Talented, academically driven and motivated to lead and serve, these Mork Family Scholars would receive full tuition at USC and an annual $5,000 stipend regardless of need.
Today, the first class of 20 scholars is halfway through college. USC Trojan Family Magazine recently caught up with two of them.
Akilah Booty: Where Cultures Meet
Learning Arabic was top priority for Akilah Booty the first semester of freshman year. Booty already was conversational in Spanish and French, and she’d just finished an intensive summer course in Chinese.
Why the fixation for foreign tongues?
Growing up in a Dallas suburb, she was drawn to other cultures. Then her middle-school French teacher told Booty and her classmates something that got her steaming: She said American kids trailed European students in learning. “I threw everything into French,” Booty says.
At USC, Booty is double-majoring in East Asian area studies and Middle East studies with a minor in political science. But it wasn’t until she saw the ethnic diversity of Los Angeles and USC that she understood how languages can bridge cultural divides.

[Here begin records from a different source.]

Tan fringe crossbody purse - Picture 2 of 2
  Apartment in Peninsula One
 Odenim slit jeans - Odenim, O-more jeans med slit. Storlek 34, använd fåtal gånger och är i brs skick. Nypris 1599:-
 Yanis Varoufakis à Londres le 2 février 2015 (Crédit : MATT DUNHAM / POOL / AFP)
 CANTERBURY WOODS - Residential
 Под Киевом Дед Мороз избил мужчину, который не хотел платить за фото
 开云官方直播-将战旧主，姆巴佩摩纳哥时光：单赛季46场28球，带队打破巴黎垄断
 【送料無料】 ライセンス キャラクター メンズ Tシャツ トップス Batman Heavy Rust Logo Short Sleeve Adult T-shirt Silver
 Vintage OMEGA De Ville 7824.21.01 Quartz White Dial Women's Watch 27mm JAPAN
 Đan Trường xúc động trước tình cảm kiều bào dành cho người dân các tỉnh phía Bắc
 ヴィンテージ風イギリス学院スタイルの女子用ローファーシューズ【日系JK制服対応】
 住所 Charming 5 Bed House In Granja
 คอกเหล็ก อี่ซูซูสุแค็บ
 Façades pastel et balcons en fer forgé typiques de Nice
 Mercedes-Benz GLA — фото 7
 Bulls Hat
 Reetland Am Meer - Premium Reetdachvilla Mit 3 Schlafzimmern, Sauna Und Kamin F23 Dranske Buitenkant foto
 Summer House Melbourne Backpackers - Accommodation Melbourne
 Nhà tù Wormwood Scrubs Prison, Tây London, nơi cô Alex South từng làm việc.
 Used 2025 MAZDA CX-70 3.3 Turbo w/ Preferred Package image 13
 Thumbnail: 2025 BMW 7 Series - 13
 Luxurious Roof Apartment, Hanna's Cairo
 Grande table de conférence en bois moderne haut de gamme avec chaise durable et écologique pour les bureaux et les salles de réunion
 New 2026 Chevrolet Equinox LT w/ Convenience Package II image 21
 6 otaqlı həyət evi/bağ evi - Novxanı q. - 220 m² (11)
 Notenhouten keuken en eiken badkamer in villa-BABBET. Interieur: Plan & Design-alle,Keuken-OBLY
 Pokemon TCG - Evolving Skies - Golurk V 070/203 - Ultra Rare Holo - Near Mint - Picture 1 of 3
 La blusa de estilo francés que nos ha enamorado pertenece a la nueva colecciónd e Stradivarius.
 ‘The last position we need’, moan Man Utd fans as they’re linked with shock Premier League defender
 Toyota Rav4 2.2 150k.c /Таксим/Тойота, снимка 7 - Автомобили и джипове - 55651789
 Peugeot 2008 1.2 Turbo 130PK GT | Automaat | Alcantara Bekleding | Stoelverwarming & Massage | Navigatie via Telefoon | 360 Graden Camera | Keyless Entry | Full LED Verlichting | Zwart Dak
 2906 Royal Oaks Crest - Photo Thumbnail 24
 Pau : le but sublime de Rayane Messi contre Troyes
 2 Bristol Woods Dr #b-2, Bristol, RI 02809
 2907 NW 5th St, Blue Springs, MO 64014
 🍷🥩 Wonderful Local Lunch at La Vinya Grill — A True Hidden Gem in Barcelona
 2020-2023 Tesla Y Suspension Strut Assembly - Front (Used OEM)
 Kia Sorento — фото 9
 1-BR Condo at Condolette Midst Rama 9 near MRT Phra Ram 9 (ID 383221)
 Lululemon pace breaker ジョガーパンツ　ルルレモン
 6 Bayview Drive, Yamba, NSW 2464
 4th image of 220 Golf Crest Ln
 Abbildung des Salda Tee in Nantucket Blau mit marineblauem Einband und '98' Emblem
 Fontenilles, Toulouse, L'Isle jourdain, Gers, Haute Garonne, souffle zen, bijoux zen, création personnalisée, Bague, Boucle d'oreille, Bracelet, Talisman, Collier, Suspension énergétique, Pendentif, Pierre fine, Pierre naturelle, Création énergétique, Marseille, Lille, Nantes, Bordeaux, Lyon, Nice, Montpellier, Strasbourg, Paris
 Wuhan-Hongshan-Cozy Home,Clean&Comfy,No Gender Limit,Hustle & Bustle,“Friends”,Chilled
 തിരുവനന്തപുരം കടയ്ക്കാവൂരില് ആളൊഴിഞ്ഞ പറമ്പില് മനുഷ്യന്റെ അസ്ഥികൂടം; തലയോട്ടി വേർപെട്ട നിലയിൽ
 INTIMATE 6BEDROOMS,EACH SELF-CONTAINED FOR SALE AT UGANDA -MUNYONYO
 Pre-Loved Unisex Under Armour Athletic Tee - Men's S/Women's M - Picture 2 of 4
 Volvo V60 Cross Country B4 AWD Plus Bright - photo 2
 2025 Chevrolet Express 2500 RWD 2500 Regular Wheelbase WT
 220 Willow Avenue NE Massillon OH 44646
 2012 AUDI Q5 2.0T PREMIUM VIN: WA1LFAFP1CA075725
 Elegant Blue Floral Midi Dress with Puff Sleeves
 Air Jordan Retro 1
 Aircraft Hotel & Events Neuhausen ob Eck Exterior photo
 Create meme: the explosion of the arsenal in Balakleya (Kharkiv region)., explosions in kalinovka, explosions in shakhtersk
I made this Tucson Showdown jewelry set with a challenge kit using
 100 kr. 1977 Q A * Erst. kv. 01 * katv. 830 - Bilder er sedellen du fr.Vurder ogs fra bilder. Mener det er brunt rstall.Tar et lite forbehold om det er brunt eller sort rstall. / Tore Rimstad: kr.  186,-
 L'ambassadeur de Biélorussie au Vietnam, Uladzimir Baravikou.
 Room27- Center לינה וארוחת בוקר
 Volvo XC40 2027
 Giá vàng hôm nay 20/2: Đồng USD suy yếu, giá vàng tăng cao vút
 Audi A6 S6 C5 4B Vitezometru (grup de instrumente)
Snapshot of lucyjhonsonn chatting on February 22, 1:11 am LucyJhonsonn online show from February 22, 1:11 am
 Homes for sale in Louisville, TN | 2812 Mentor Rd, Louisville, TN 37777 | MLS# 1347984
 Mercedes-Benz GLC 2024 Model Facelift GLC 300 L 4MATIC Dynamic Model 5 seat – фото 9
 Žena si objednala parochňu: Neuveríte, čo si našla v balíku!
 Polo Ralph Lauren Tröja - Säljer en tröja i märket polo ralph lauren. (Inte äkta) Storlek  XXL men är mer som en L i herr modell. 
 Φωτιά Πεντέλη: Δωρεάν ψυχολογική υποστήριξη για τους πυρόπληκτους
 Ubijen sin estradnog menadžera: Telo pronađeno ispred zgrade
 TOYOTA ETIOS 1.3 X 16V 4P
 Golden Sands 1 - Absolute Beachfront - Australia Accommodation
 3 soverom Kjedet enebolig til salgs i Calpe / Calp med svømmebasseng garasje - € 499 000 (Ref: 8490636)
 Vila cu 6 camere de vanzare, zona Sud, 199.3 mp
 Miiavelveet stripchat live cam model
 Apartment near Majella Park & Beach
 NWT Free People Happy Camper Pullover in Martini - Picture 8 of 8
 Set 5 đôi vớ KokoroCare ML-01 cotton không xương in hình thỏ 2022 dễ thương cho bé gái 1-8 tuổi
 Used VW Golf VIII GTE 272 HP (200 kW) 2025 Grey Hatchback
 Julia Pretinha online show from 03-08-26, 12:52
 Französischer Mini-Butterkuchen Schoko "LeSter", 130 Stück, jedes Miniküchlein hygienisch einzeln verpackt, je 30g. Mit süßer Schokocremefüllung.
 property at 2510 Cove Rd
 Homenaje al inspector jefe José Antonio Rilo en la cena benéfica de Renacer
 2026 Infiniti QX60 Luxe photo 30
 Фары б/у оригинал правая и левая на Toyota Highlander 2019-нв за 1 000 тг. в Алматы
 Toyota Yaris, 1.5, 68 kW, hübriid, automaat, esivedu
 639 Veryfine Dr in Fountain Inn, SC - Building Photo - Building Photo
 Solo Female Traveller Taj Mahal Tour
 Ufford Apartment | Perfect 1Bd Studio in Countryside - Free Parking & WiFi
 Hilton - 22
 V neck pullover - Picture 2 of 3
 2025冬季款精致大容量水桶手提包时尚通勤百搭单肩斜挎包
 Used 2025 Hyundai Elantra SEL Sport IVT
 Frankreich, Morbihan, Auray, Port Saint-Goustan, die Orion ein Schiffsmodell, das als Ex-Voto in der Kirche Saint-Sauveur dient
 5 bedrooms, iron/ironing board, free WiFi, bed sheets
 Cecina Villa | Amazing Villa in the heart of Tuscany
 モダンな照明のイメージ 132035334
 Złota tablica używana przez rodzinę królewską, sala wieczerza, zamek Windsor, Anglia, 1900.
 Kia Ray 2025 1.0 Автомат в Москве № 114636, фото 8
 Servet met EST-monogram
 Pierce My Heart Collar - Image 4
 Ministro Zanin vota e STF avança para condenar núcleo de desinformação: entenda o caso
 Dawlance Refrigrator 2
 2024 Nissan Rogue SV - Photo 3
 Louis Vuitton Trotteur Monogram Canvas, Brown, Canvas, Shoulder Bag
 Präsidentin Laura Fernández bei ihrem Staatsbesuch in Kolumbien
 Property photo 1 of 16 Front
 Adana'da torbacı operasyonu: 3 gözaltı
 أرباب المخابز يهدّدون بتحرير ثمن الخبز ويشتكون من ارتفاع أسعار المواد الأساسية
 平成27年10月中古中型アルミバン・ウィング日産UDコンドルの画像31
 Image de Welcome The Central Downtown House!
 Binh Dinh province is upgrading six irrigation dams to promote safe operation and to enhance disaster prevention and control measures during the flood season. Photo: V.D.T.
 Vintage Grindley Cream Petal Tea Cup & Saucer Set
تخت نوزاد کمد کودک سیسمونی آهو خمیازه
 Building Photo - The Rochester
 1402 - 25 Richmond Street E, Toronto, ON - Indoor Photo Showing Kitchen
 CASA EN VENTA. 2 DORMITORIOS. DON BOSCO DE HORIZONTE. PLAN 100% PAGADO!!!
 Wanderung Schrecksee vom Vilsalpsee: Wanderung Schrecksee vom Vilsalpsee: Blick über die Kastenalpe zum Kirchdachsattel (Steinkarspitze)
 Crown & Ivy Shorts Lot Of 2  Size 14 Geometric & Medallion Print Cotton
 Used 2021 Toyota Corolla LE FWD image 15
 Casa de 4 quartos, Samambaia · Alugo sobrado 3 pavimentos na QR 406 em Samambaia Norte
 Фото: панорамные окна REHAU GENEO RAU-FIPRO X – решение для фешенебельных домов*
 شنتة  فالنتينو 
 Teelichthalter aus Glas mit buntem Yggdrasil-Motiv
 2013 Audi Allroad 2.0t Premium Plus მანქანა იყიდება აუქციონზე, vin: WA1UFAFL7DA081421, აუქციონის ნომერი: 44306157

Through the International Language Exchange Program, Booty befriended a Saudi Arabian student, opening her eyes to Arab culture. Another program, USC’s Joint Educational Project, took Booty to the Dr. Theodore T. Alexander Science Center, an elementary school, as a teacher’s aide. The children’s experiences there shocked her. “There were fourth graders who needed other students to translate my instructions,” she says. “There were kindergartners with family issues who just weren’t motivated.”
With the shock came insight: Booty realized she wanted to work with disadvantaged people and non-native English speakers. She now interns for the Asian Pacific American Dispute Resolution Center, where she experiences firsthand how cultural differences contribute to conflict.
Looking ahead, the USC junior wants to experience life abroad. This much is certain: Her home will be wherever cultures meet.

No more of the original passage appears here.